A Health Savings Account health insurance plan is different from traditional health insurance; it is a savings account that can be used to pay health care expenses. HSAs allow you to pay health expenses with tax-free dollars. You can also save for future qualified medical expenses as well as save for health expenses after you retire. Health Savings Accounts were authorized by Congress and began January 1, 2004.
You must have a High Deductible Health Plan (HDHP) to open a HSA. An HDHP will usually costs less than traditional health care coverage. The money that you save on insurance can be put into your Health Savings Account.
You own and you control the money in your HSA. You decide how to spend the money -not an insurance company. You also decide what to invest the money in.
What Is a "High Deductible Health Plan" (HDHP)?

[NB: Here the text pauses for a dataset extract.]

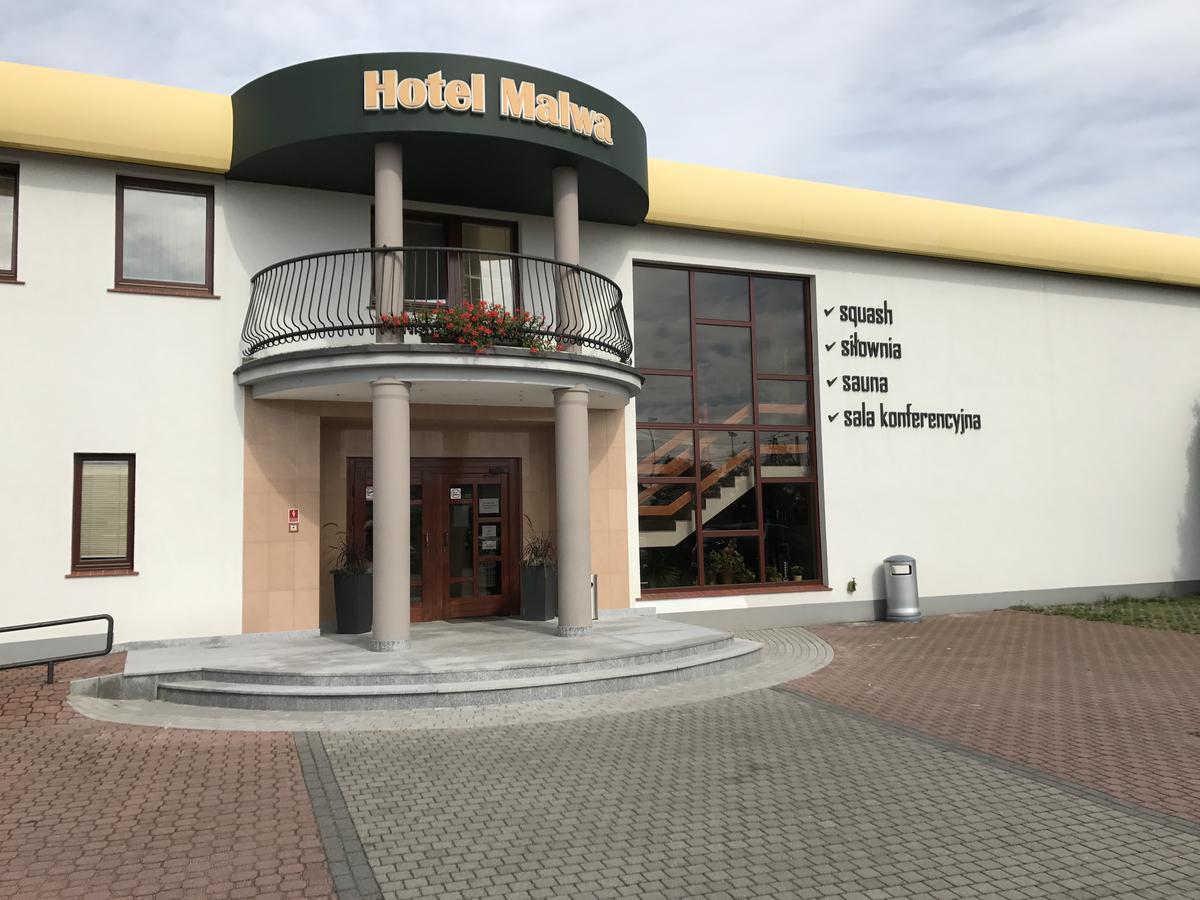 Hotel Malwa Ostrów Wielkopolski Exteriör bild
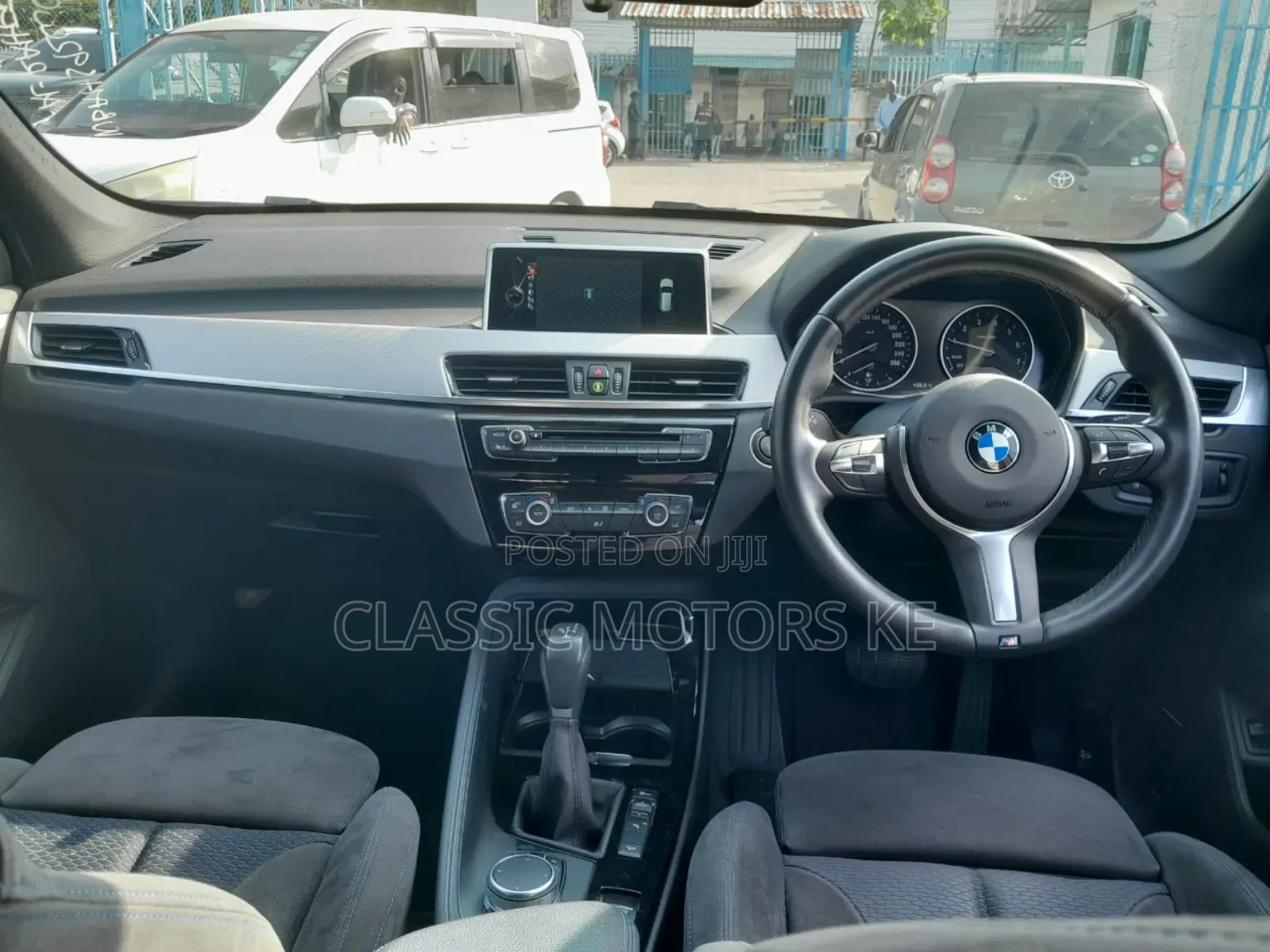 BMW X1 xDrive28i AWD 2018 Black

Sometimes referred to as a "catastrophic" health insurance plan, an HDHP is an inexpensive health insurance plan that has a relatively high annual deductible. After the annual deductible is met, insurance benefits begin. The money in your HSA is used to pay for expenses your plan does not cover.
How much does an HSA cost?
An HSA is not a product you buy; it is a savings account that allows you to accumulate money on a tax deferred basis. When you spend the health savings account money on qualified medical expenses, it becomes tax free.
How much may be contributed to an HSA?
The guidelines for maximums for 2010 the maximums will be $3,050 for self-only coverage and $6,150 for family coverage. Individuals who are age 55 and over but under age 65 may make additional catch-up contributions ($1,000 for 2010). Contribution guidelines will be adjusted annually to account for CPI fluctuations.
What Happens to My HSA When I Die?
If you are married, your spouse becomes the owner of the HSA. Its tax treatment is unchanged. If you are not married, the account loses its tax favored treatment upon your death. The account will pass to your beneficiary or become part of your estate (and be subject to any applicable taxes).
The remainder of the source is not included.